また、私たちは地に足がついていて人々がそこで生きている感覚のある世界観を大切にしています。 だからこそ、銃やマウントについては、プレイヤーが馴染み深さを感じられるものにしたかったんです。
ですが一方で、うちには才能あふれる、そして「クレイジー」なデザインチームがいて、彼らは派手なアビリティや、ぶっ飛んだ新しいアイデアを試すのが大好きなんですよ。
そうしたアイデアをすべて受け入れて、創造性を最大限に発揮させるためには、それらを包摂できる懐の深いフィクションの世界が必要になります。
そして同時に、それらがバラバラにならず、ひとつの繋がった世界だと感じられるように形を整え、範囲をコントロールする「規律」も必要なんです。

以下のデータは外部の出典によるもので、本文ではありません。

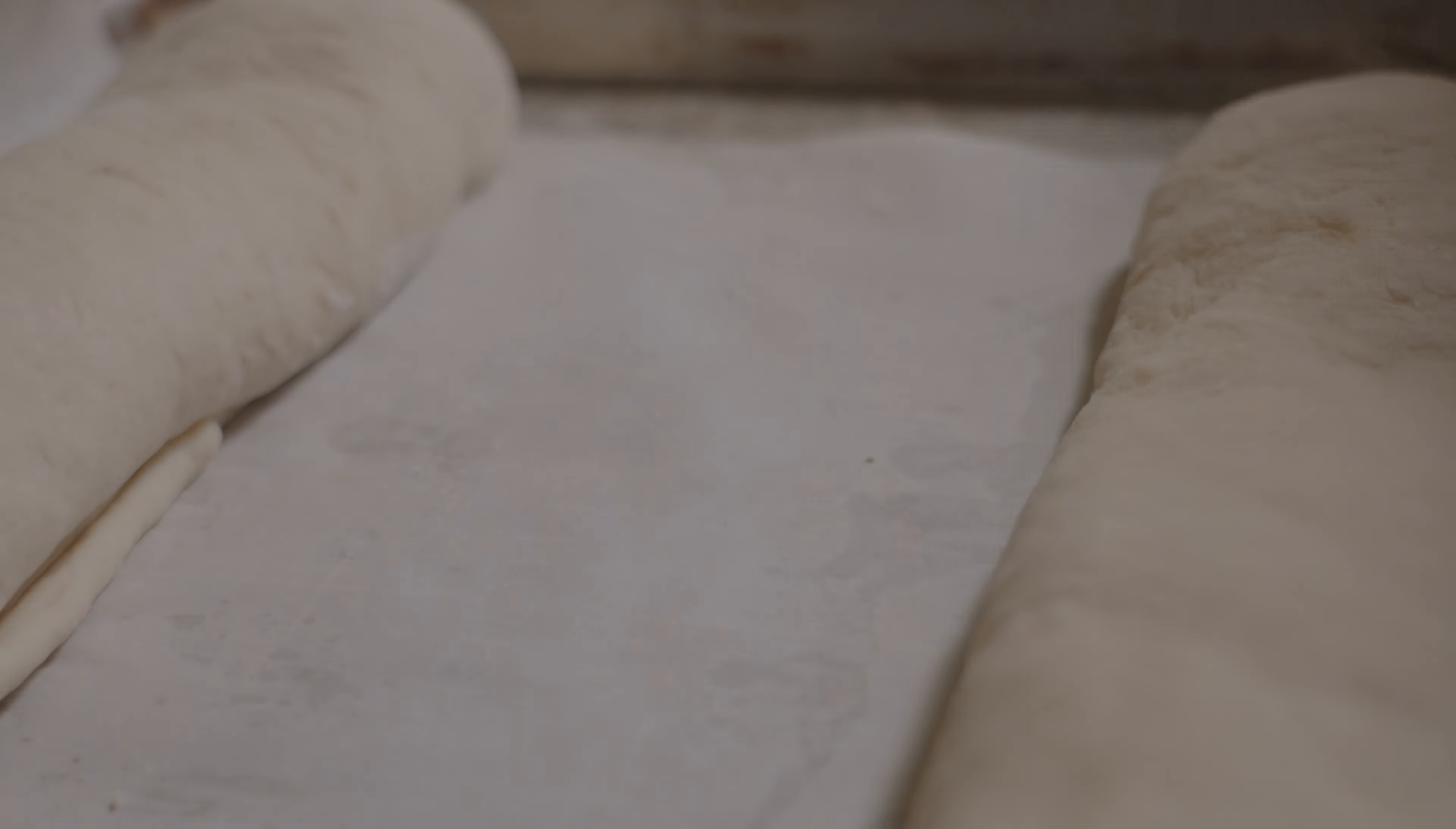If it doesn't, then that means your yeast is more dead than my dreams of becoming a paleontologist, and you have to start over.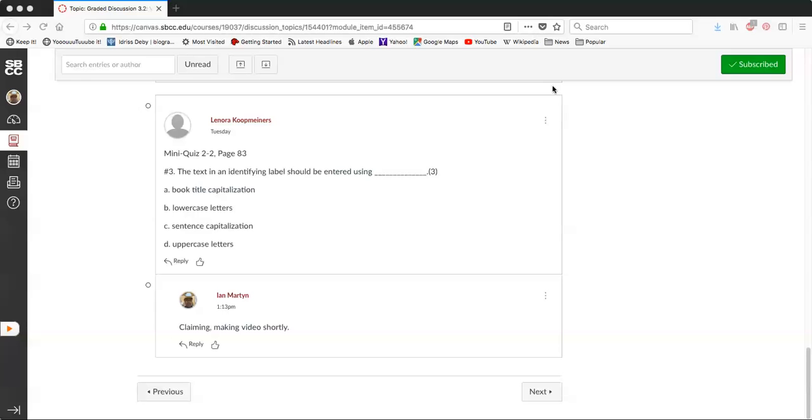So from a personal standpoint, I do always appreciate seeing book title capitalization. But if we're going by what the book says, you should use sentence capitalization in all of your forms. So for identifying labels, that is not for things like the main form title or stuff like that, but for these identifying labels like price of a soda, for example.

個人的な、ライティングチームとしての視点からお話しすると…… 私はハイ・ファンタジーが大好きです。ですから、あの冒険心や「驚きと畏敬の念」といった感覚を取り入れたかったんです。それをリアリティのある戦闘と融合させることで、ユニークな体験を作り出そうとしました。
そして、このレシピの最後の仕上げとなるのが、「テクノロジーvs魔法」という概念です。
私が過去に愛したゲームやIPの多くは、「古いやり方と新しいやり方」というテーマを扱っていました。 その2つが衝突したとき、本当に興味深い物語やキャラクターが生まれるんです。私たちは今後の運営を通じて、そのテーマを広げていくことを非常に楽しみにしています。
Mohammad氏:
おっしゃる通り、僕らは長い間、現代戦のミリタリーシューターやSFシューターを作り続けてきました。 僕らがEAを離れた理由の一つは、ホームランを狙うような大きな挑戦をして、大きなリスクを取りたかったからなんです。
『Apex Legends』があれだけ成功している状況下では、そういったことはなかなかできませんでしたし、『Apex』を急に全く別のゲームに変えてしまう、なんてことはできないわけですから。だからこそ、新しい会社を立ち上げたかったんです。
その非常に分かりやすい例が「シージタワー」です。 あれはデザインの観点で言えば、最初は単なるリスポーン地点として始まったものでした。
でも、そこから世界観やファンタジー要素を作り込んでいく過程で、敵の拠点を攻めるシチュエーションを考えたときに、ふとクレイジーなアイデアが浮かんだんです。「『ロード・オブ・ザ・リング』に出てくるやつの超クール版にしたらどうだ?」って。あの巨大な攻城兵器が迫ってくるシーンのことです。だから「よし、あれをやろう」となったわけです。
一度それを決めたら、そこからまた新しいアイデアが生まれました。「じゃあ、上から降りるゲートを付けよう」とか。そうすることで、単なるリスポーン地点ではなく、そこから射撃もできる「自分たちだけのミニ要塞」へと進化したんです。次から次へとアイデアが湧いてきました。
こうしたことが起きたのは、僕らがこれまでやったことのない領域に足を踏み入れたからです。 それが多くの創造性を生み出してくれたんだと思います。